(Records from a collection)
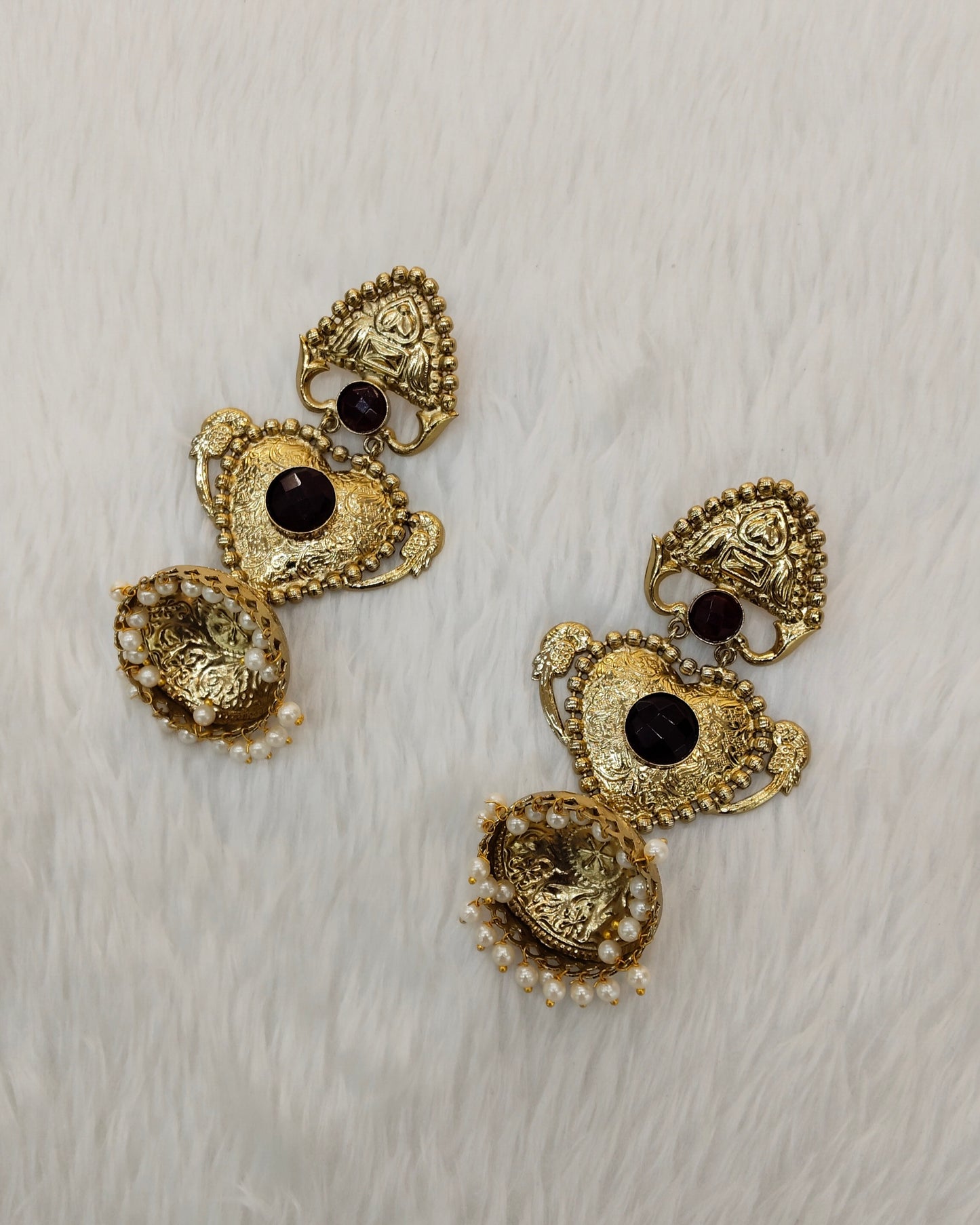Maroon Antique Gold Bollywood Indian Sidhu Earrings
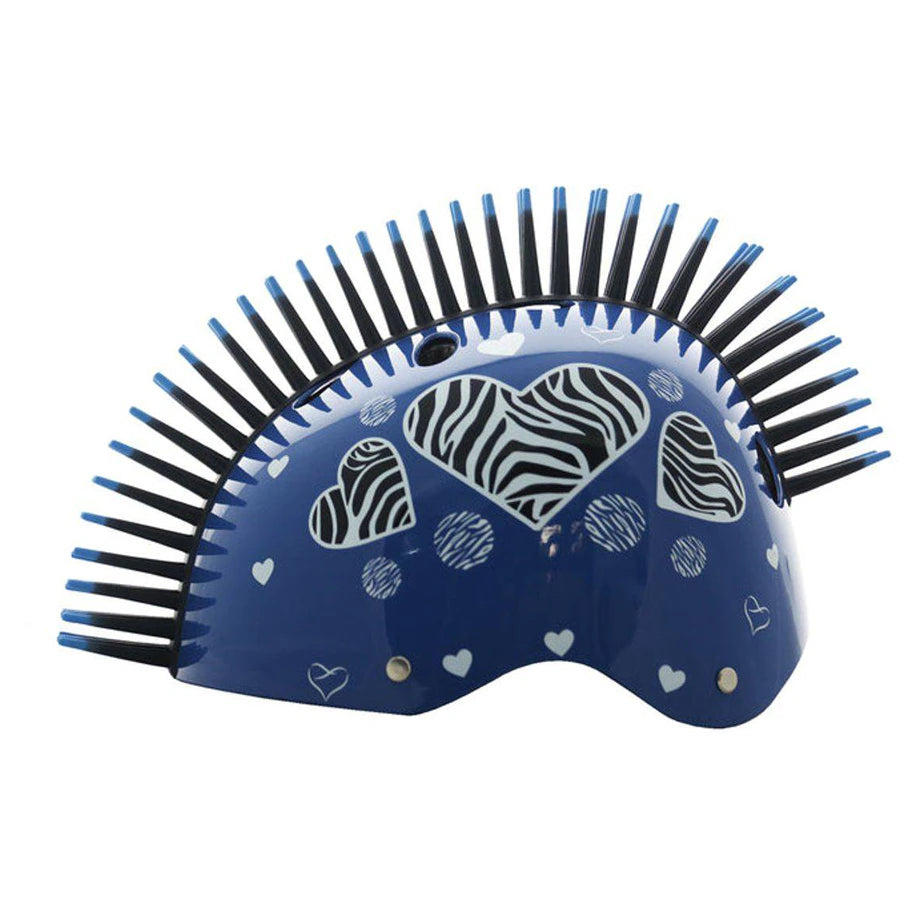 Street Jam Zebra Hearts Kids' Helmet (M, 55-58 cm, Blue)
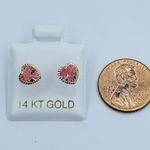 Real 14k Gold Studs Earrings Pink Heart Photo 3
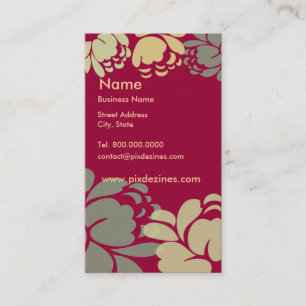 Visite Carte de profil de la camélia de vin rouge, carte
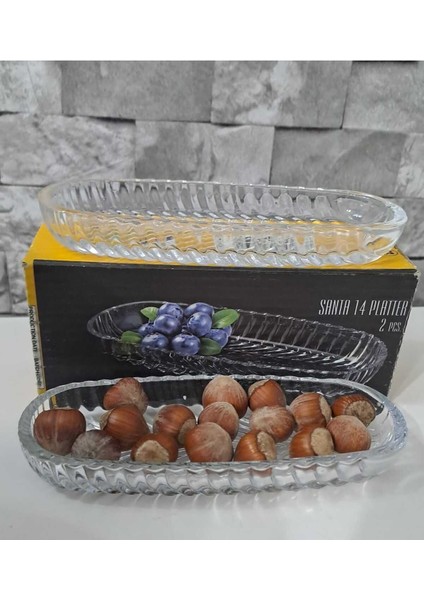 14 cm beyaz kahvaltı ve meze sunum kayık tabak seti, 3 parça, TR menşei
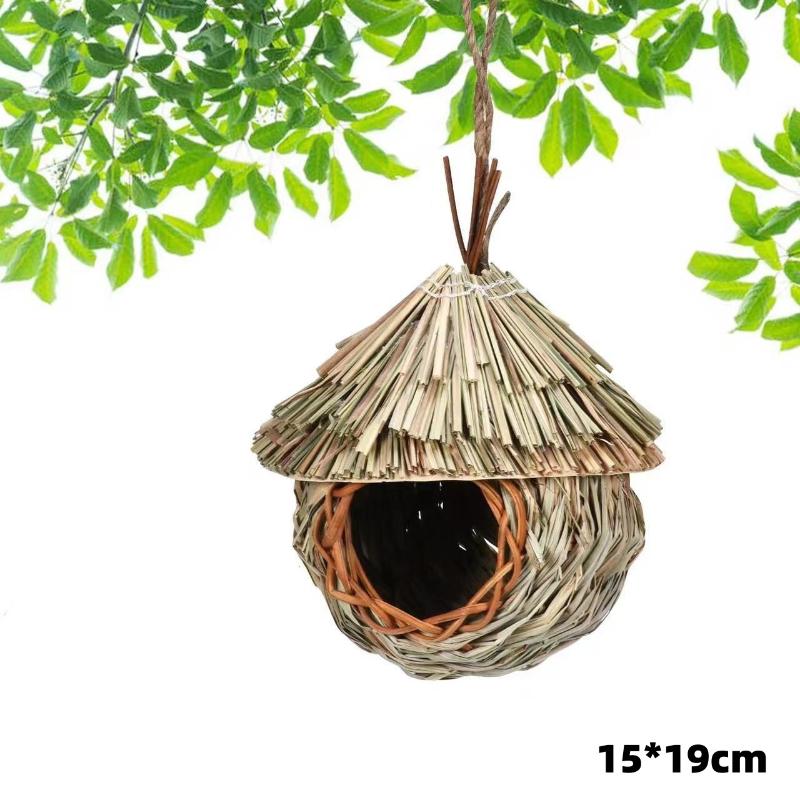 1Pc Outdoor Natural Grass Bird House Handmade Weaved Hummingbird Cage Nest Shelter for Garden Balcony Bedroom Decoration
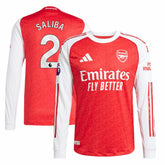 William Saliba Arsenal 2025/26 Home Long Sleeve Player Jersey - Red | Adidas on sale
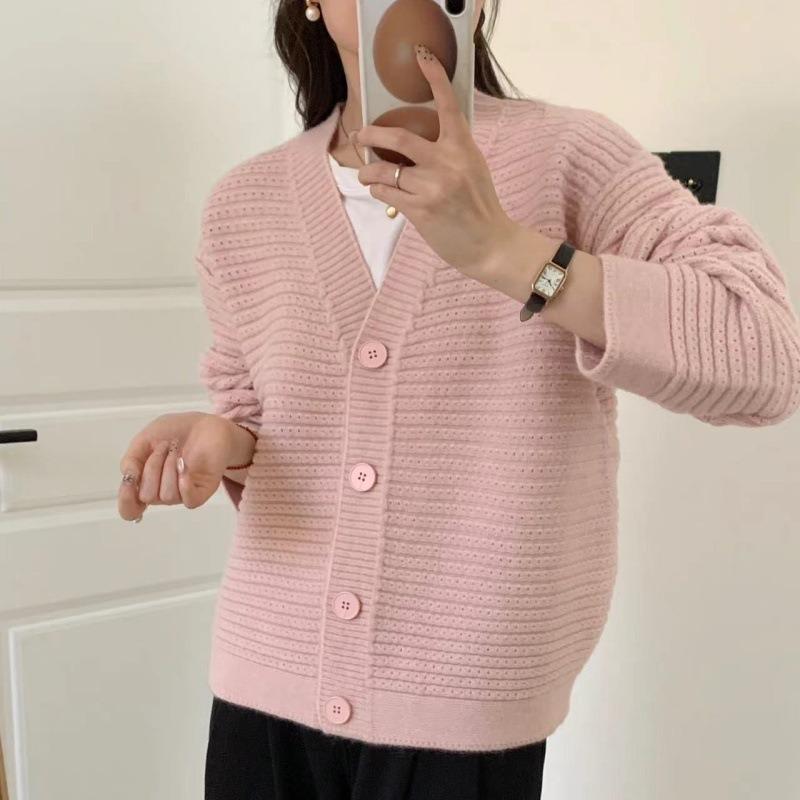 Simple V-neck Sweater Jacket Women's Autumn and Winter New Loose Soft Waxy Lazy Wind Knitted Cardigan Top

# [Problem to solve]
Keep to the lines above from the line with "Real 14k Gold" to the line with "William Saliba Arsenal", and set down exactly those, inclusive, with nothing else and every picture left out.

# [Task solution]
 Real 14k Gold Studs Earrings Pink Heart Photo 3
 Visite Carte de profil de la camélia de vin rouge, carte
 14 cm beyaz kahvaltı ve meze sunum kayık tabak seti, 3 parça, TR menşei
 1Pc Outdoor Natural Grass Bird House Handmade Weaved Hummingbird Cage Nest Shelter for Garden Balcony Bedroom Decoration
 William Saliba Arsenal 2025/26 Home Long Sleeve Player Jersey - Red | Adidas on sale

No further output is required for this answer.